[Ocfs2-devel] Re: [PATCH] Dynamic lockres hash table

Wed Mar 5 12:38:37 PST 2008

On Wed, Mar 05, 2008 at 11:27:53AM -0800, Joel Becker wrote:
> On Wed, Mar 05, 2008 at 10:40:21AM -0800, Mark Fasheh wrote:
> > On Tue, Mar 04, 2008 at 06:33:03PM -0800, Sunil Mushran wrote:
> > > My main problem with a mount option is that it is not dynamic.
> > >
> > > I was thinking along lines of having a sysfs param that will
> > > allow users to dynamically resize the number of pages alloted
> > > to the hash. This will definitely require us running tests to see
> > > how long it takes to rehash with 500K lockres under the
> > > dlm_spinlock.
> > 
> > I like the idea of being able to change it on the fly, but I'm wondering
> > about how useful that ability will be for customers versus just being able
> > to set it at mount time.
> 
> <snip>
> 
> > Please, can we solve this everywhere instead of having some ocfs2 1.4
> > specific hack.
> 
> [Warning, a long email]
> 
> 	Sunil and I discussed this a bit yesterday, and our basic
> thought was that a mount-time option was a hack.  A customer doesn't
> want to have to stop everything and remount to get this to work,

If the dlm supports dynamic resizing, neither approach requires the user to
"stop everything". "mount -oremount" is just as unobtrusive to the running
file system as echoing to a sysfs file.

Btw, if this is the direction we all want to go, can I revert the
"localalloc=" mount option patches before 2.6.25 gets released? It strikes
me as similarly hacky (seriously) and we already have a plan for dynamic
local alloc sizing.

> they have a live filesystem with live problems they'd like to alleviate.

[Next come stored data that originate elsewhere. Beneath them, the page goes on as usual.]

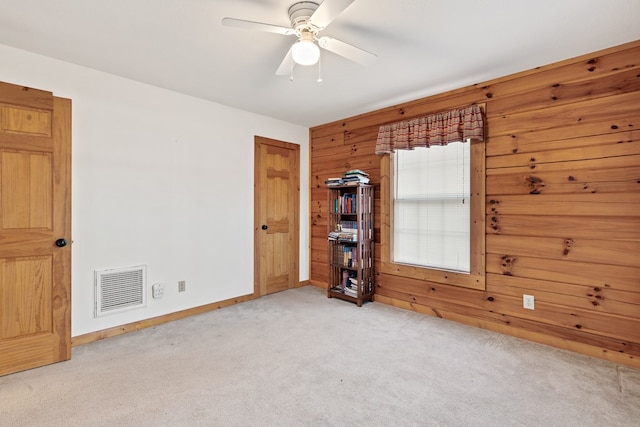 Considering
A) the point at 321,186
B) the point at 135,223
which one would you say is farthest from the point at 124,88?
the point at 321,186

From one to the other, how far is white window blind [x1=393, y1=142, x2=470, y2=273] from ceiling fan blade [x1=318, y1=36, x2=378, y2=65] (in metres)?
1.56

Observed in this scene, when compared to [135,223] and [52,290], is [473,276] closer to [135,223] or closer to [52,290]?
[135,223]

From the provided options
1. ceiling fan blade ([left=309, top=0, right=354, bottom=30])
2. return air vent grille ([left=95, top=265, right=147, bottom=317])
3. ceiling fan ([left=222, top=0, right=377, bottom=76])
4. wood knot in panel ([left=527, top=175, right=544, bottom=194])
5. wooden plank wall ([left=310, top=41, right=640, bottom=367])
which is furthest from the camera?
return air vent grille ([left=95, top=265, right=147, bottom=317])

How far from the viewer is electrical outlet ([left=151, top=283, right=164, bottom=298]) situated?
10.1 feet

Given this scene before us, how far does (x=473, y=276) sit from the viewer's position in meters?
3.00

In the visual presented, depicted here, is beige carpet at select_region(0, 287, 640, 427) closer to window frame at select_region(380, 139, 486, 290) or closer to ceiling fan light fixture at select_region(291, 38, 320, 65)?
window frame at select_region(380, 139, 486, 290)

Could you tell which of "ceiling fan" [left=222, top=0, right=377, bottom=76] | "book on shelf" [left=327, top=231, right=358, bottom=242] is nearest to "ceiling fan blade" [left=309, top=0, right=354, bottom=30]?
"ceiling fan" [left=222, top=0, right=377, bottom=76]

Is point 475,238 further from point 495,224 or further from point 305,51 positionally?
point 305,51

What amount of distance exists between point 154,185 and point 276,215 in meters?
1.60

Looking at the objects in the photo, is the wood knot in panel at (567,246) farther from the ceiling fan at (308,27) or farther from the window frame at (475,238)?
the ceiling fan at (308,27)

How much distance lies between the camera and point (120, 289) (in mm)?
2865

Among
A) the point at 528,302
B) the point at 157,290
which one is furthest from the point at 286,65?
the point at 528,302

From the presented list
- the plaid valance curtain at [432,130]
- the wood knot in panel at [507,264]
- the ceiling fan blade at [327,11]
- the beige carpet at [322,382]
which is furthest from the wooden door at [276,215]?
the wood knot in panel at [507,264]

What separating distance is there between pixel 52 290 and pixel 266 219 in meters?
2.27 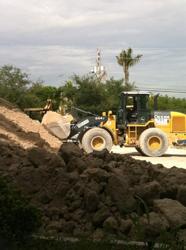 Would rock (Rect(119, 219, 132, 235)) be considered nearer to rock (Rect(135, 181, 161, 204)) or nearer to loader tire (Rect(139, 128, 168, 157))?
rock (Rect(135, 181, 161, 204))

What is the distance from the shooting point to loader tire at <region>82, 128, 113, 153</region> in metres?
27.5

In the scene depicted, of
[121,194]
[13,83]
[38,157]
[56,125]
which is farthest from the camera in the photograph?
[13,83]

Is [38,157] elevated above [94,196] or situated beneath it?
elevated above

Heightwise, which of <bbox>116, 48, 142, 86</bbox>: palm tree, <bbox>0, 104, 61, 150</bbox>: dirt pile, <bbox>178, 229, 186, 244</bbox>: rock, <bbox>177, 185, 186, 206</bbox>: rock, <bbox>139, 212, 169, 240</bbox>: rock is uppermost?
<bbox>116, 48, 142, 86</bbox>: palm tree

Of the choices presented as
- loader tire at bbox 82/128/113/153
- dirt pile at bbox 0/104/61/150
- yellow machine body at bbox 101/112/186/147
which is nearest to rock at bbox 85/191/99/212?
dirt pile at bbox 0/104/61/150

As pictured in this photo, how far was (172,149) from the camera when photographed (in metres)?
35.9

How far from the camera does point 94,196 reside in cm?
806

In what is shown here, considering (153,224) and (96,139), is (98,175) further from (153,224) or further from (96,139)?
(96,139)

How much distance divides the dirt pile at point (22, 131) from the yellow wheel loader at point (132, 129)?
10.4 ft

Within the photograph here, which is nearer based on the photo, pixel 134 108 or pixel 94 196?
pixel 94 196

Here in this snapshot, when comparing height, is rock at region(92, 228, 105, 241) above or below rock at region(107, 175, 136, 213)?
below

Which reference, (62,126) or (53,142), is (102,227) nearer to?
(53,142)

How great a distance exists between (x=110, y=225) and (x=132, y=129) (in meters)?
20.6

Can you be more specific? How often do we think people will expect to change
this on a live file system? What sort of situations have we run into, or
expect to run into where the user needs to change the hash size, and can't
do it without unmounting the file system first, couldn't have reasonably
anticipiated a hash size to begin with, or a dynamically picked default
might fail?

Btw, just so we're all clear - any hash sizing scheme would pretty much
involve information known only to the local node. So we're not talking about
offlining the cluster here - just unmounting a node.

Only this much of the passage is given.